Tour à tour, sauvages, baroques, parfois même fragiles et délicates, les compositions "ambiantes" de Mother nous révèlent la richesse débordante d'un groupe qui ne fait pas l'ombre d'une concession.
Séducteurs, ils le sont, Die Bunker, mais pas avec les gimmicks habituels des groupes "hip", eux c'est l'originalité et l'authenticité poil au nez qui les préoccupent, et à en juger par la production "moulée" du son en vigueur en ce moment, ces deux méga-qualités sont plutôt rarissimes en hexagone. Mother est le disque d'un groupe au concept exubérant, de véritables pâtes riches ces types, avez-vous les mêmes à la maison ?

Mother / discogs


After a sumptuous and Kurt Weil-lian "Dreams are not free", the French band Die Bunker is back with their Mother and its heroic theatre bastringue. Mother is the emerging part of a band for whom music has not been enough for a long time; like the perfect acrobats they are, Die Bunker work with actors and theatricalize their expressionist universe.
By turns wild, baroque, sometimes even fragile and delicate, Mother's "ambient" compositions reveal the overflowing richness of a band that makes no concessions.

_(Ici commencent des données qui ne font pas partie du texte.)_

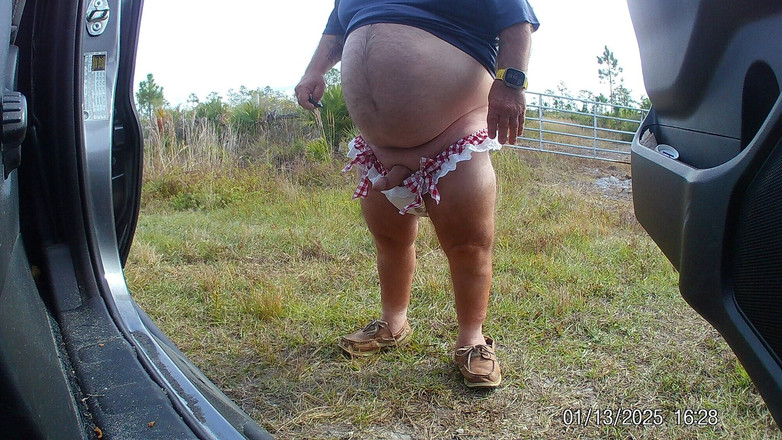 Mark Fletcher: 马克·弗莱彻在公园里穿着性感内裤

Seductive, they are, Die Bunker, but not with the usual gimmicks of "hip" bands, they are concerned with originality and authenticity, and judging by the "moulded" production of the current sound, these two mega-qualities are rather rare in France. Mother is the record of a band with an exuberant concept, real rich pasta these guys, do you have the same at home?